Think About It: The radical left-wing Mizrahi voters

One of the many curious and fascinating phenomena of the current election campaign is the radical-left, secular, intellectual Mizrahi discourse.

Israeli election ballots [File] (photo credit: MARC ISRAEL SELLEM/THE JERUSALEM POST)
Israeli election ballots [File]
(photo credit: MARC ISRAEL SELLEM/THE JERUSALEM POST)
One of the many curious and fascinating phenomena of the current election campaign is the radical-left, secular, intellectual Mizrahi discourse, which has been receiving quite a bit of media attention.
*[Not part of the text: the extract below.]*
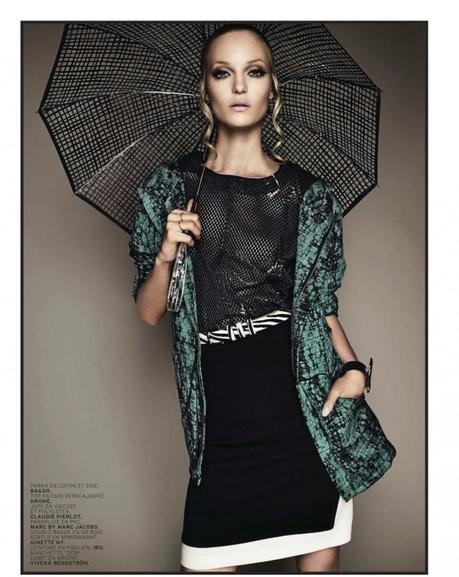 Theres Alexandersson for L’Officiel Paris March 2013 by Jonathan Segade Theres Alexandersson for L'Officiel Paris March 2013 by Jonathan Segade2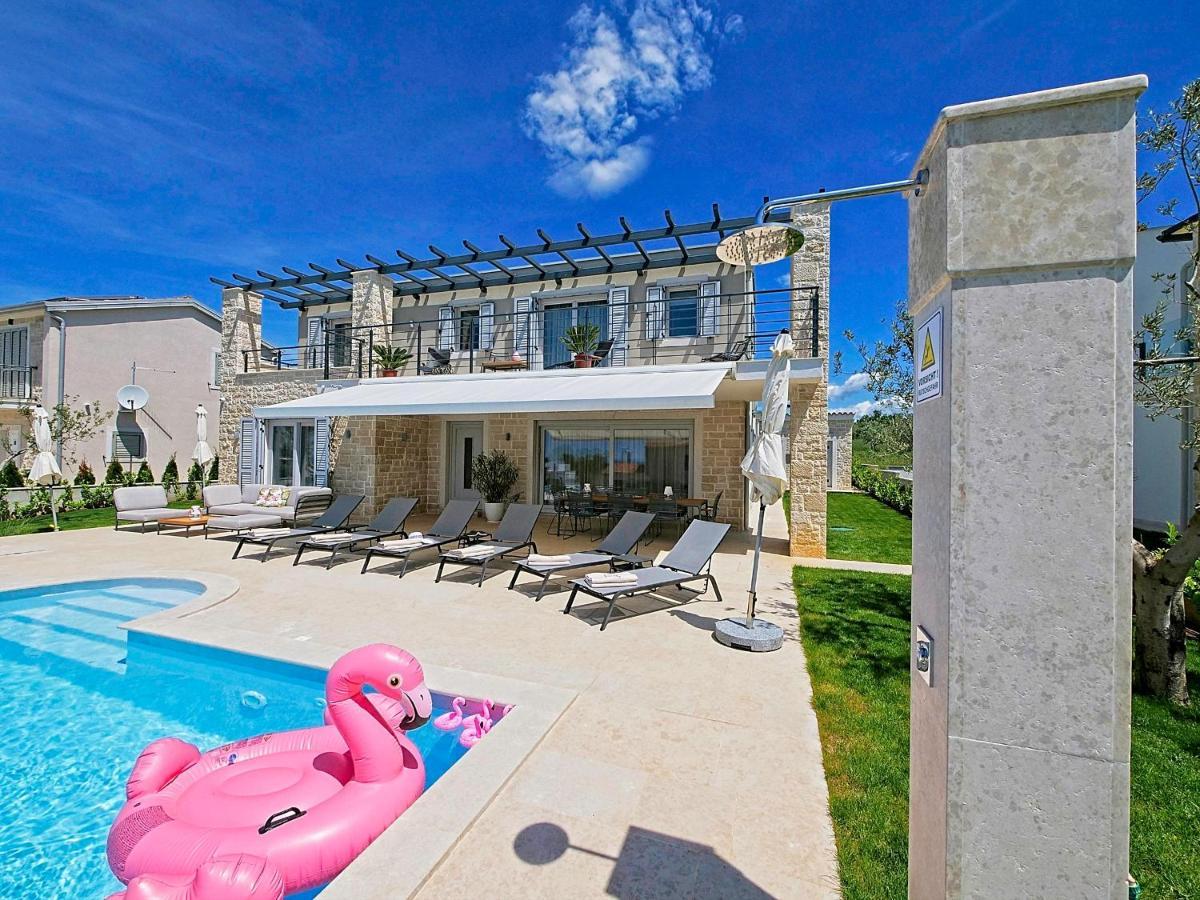 Villa Flamingo Kaštelir Exterior foto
Most of the individuals concerned are, or were, connected with Hakeshet Hademocratit Hamizrahit (The Democratic Mizrahi Rainbow), and the feminist organization Ahoti (My Sister).
The Keshet Hamizrahit is an extra-parliamentary non-partisan organization founded in 1996 by Mizrahi intellectuals to increase awareness of and to take action against the ongoing dominance of Ashkenazi culture in Israel, and discrimination against the Mizrahim and their culture, despite the fact that the Mizrahim allegedly constitute a majority of the Jewish population in Israel (the statistics are complicated by intermarriage between Ashkenazim and Mizrahim, and the difficulty of categorizing the immigrants from the Muslim republics of the former Soviet Union).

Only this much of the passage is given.